Phonon Energies in Germanium from Phonon-Assisted Tunneling

Abstract

The line shapes of the peaks in the bias dependence of the second derivative of the phonon-assisted tunnel current with respect to voltage were measured for Sb-doped germanium tunnel junctions between 4.2 and 1.15°K. The antimony concentration was 5×${10}^{18}$ ${\mathrm{cm}}^{-3\mathrm{}}$. The phonon energies at the point $L$ in the Brillouin zone, determined to an accuracy of ±0.1%, are $E\left(\mathrm{TA}\right)=7.766\mathrm{}$, $E\left(\mathrm{LA}\right)=27.58\mathrm{}$, $E\left(\mathrm{LO}\right)=30.62\mathrm{}$, and $E\left(\mathrm{TO}\right)=36.15\mathrm{}$ in meV. This accuracy verifies the assumptions made in determining the pressure dependence of these phonon energies previously reported by the author.
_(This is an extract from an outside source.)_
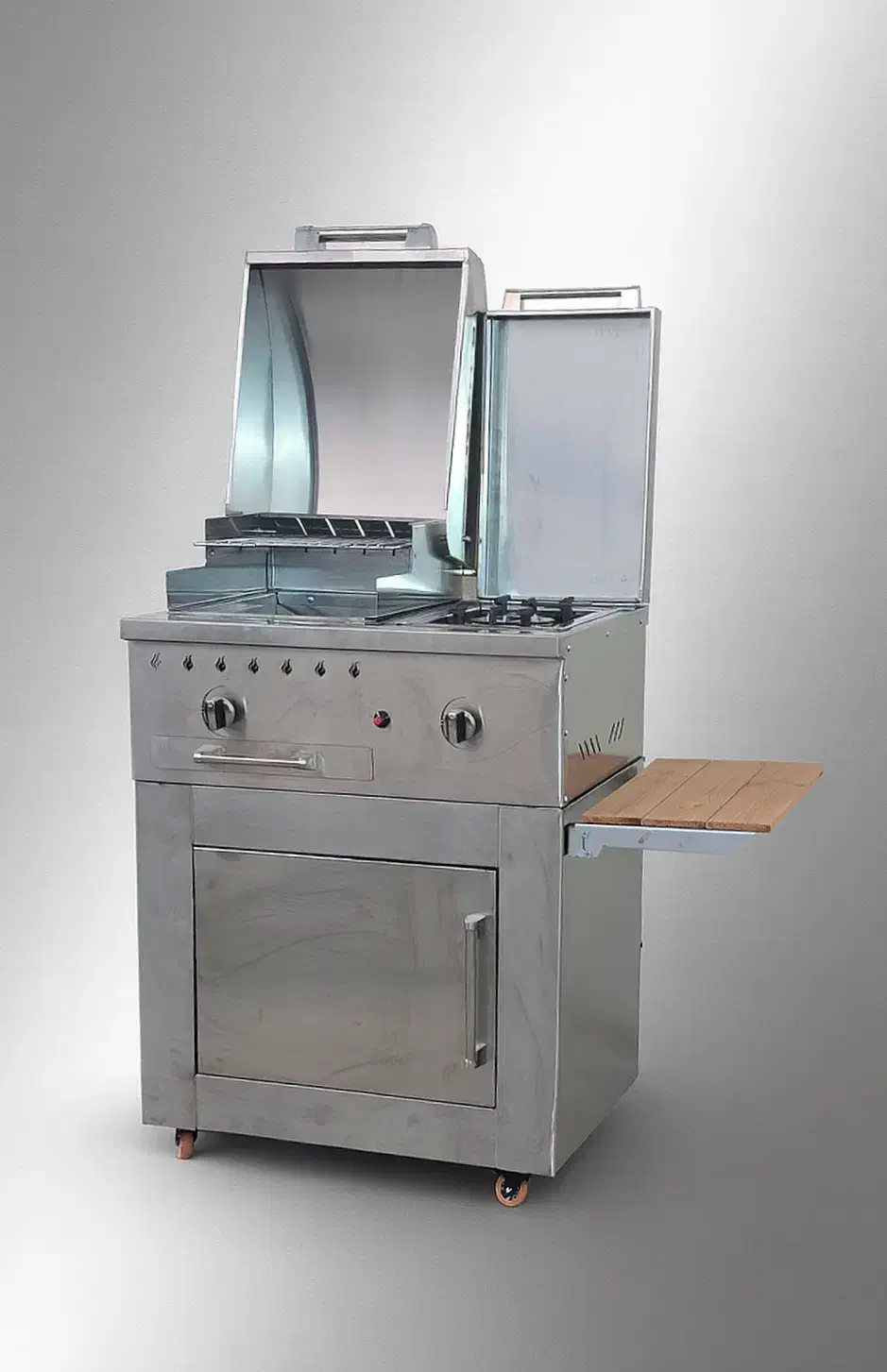 باربیکیو با موتور سیخ گردان فول استیل|مصالح و تجهیزات ساختمان|تهران, مظاهری|دیوار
The major contribution to the line shapes is $\mathrm{kT}$ broadening. Minor contributions arise from a small bias dependence of the tunnel current per energy interval and from the phonon dispersion near $L$. Approximate values for the curvatures of the phonon spectrum at $L$ were determined. A lower limit of 1.6×${10}^{-11\mathrm{}}$ sec was found for the lifetimes of these phonons. From double phonon emission processes the energy of the optic phonon at $\Gamma$ was found to be 37.3±0.2 meV.